* Task objective *
Drop the pictures, then extract the listing word for word.

* Collected material *

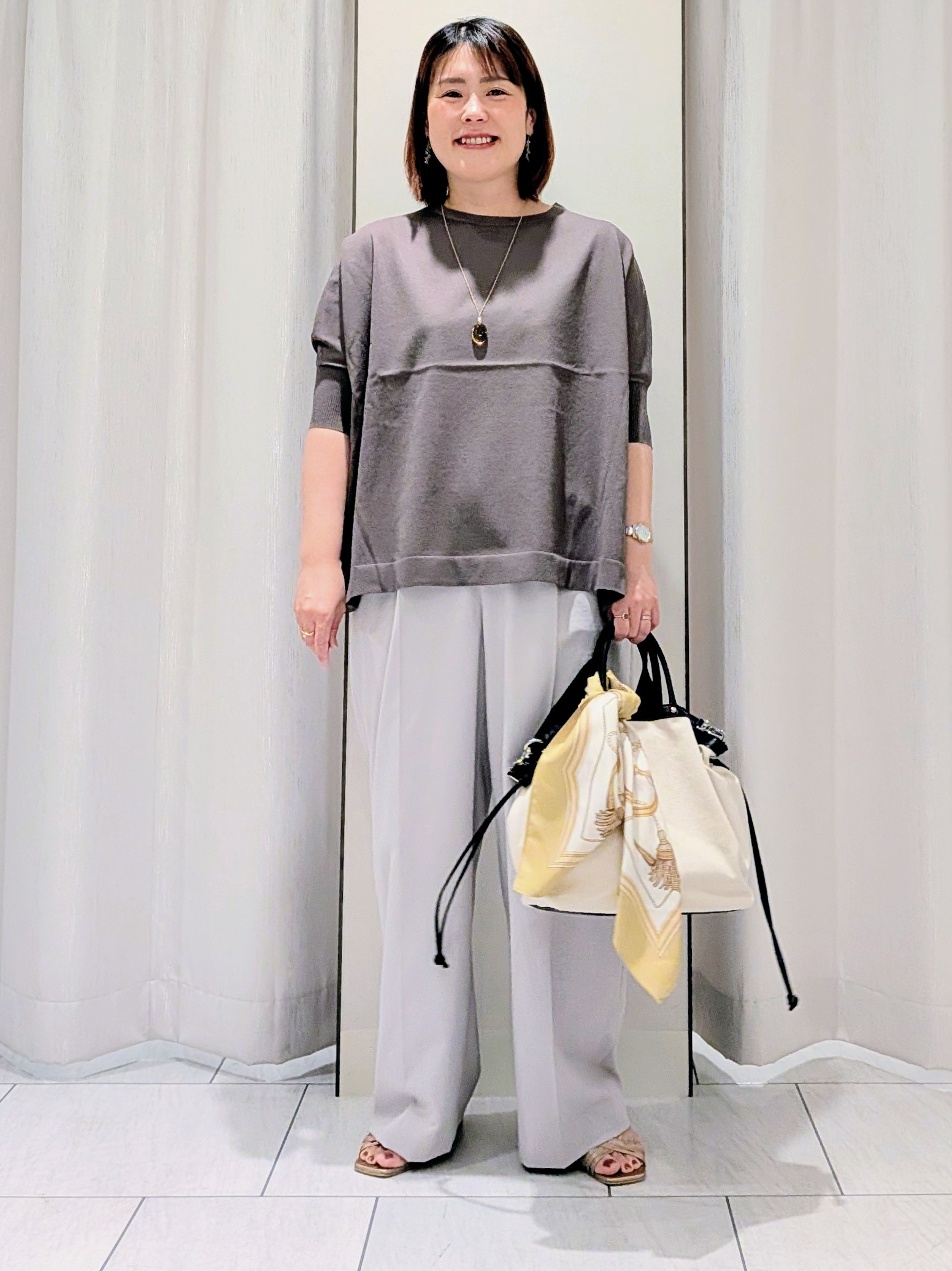Onumaさんの「UNTITLED｜◆【楽な穿き心地/UV/接触冷感】クリーンワイドパンツ」を使ったコーディネート
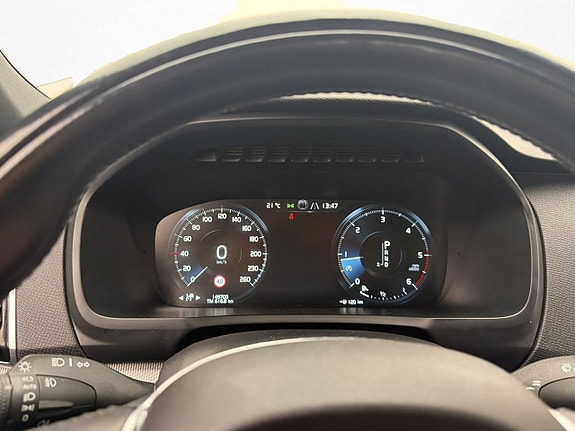 Volvo XC90 24 of 30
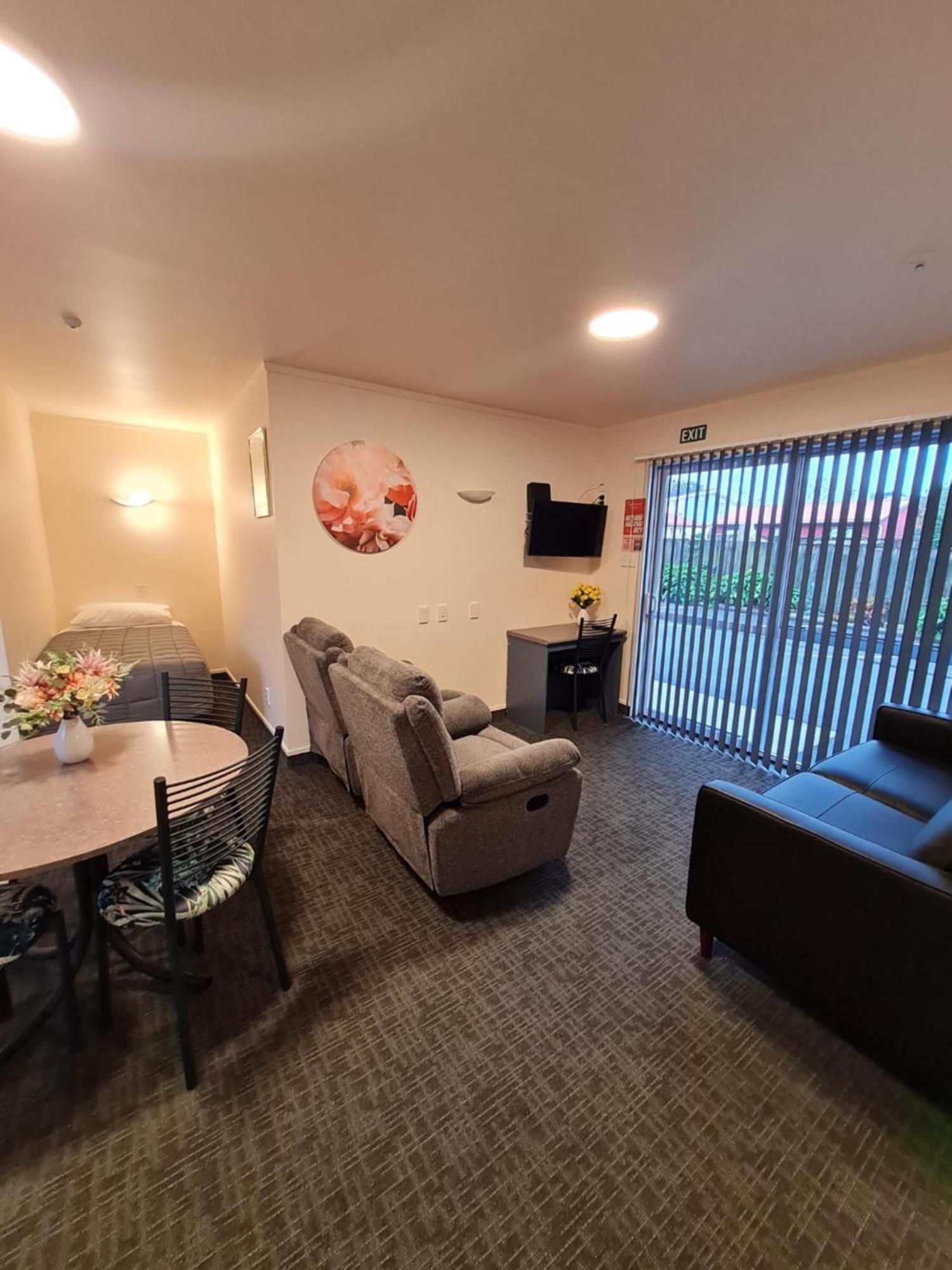 Avenue Heights Motel Whangarei Exterior foto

* Reply *
Onumaさんの「UNTITLED｜◆【楽な穿き心地/UV/接触冷感】クリーンワイドパンツ」を使ったコーディネート
 Volvo XC90 24 of 30
 Avenue Heights Motel Whangarei Exterior foto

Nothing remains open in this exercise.